During the recent Georgia Foreign Trade Conference Gov. Brian Kemp discussed how the new trade agreement with China has already benefited the Georgia Market. “As the nation’s largest poultry producer, Georgia stands to recapture a substantial portion of the Chinese market,” Kemp said. “Forty percent of all frozen poultry that leaves the United States does so through the Port of Savannah. Strong negotiations with China have paid off and present a substantial opportunity for producers in Georgia,” he said.
The first shipment of poultry – 50,000 pounds of Georgia-produced chicken feet – arrived in China in January. The governor added that cotton, animal feed, grain, peanuts and pecans, among other Georgia exports also stand to benefit from the Phase I trade deal with China, signed Jan. 15. In 2015 China banned U.S. poultry, prior to the ban the market was $500 million in annual sales for United States producers. The current market just for chicken feet is $835 million according to the USA poultry and egg export council.

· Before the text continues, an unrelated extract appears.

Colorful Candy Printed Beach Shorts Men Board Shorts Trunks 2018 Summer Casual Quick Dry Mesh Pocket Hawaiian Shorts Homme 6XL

The new deal requires China to focus more on preventing the theft of American technology and corporate secrets by state entities and companies. China claims punishments for intellectual property theft, such as larger fines and even imprisonment will prevent stealing. The deal also stipulates 200 billion dollars of goods to be purchased by china to balance out trade with the United States. The agreement allows China a two-year window to purchase the goods. In addition, the deal states that China is not able to manipulate currency and an enforcement system is included to make sure these rules are followed. In return the U.S. agreed to reduce tariffs on some Chinese products while keeping tariffs on $380 billion in goods to use as leverage for phase two of the deal. Several industries and consumers will benefit from the changes made so far.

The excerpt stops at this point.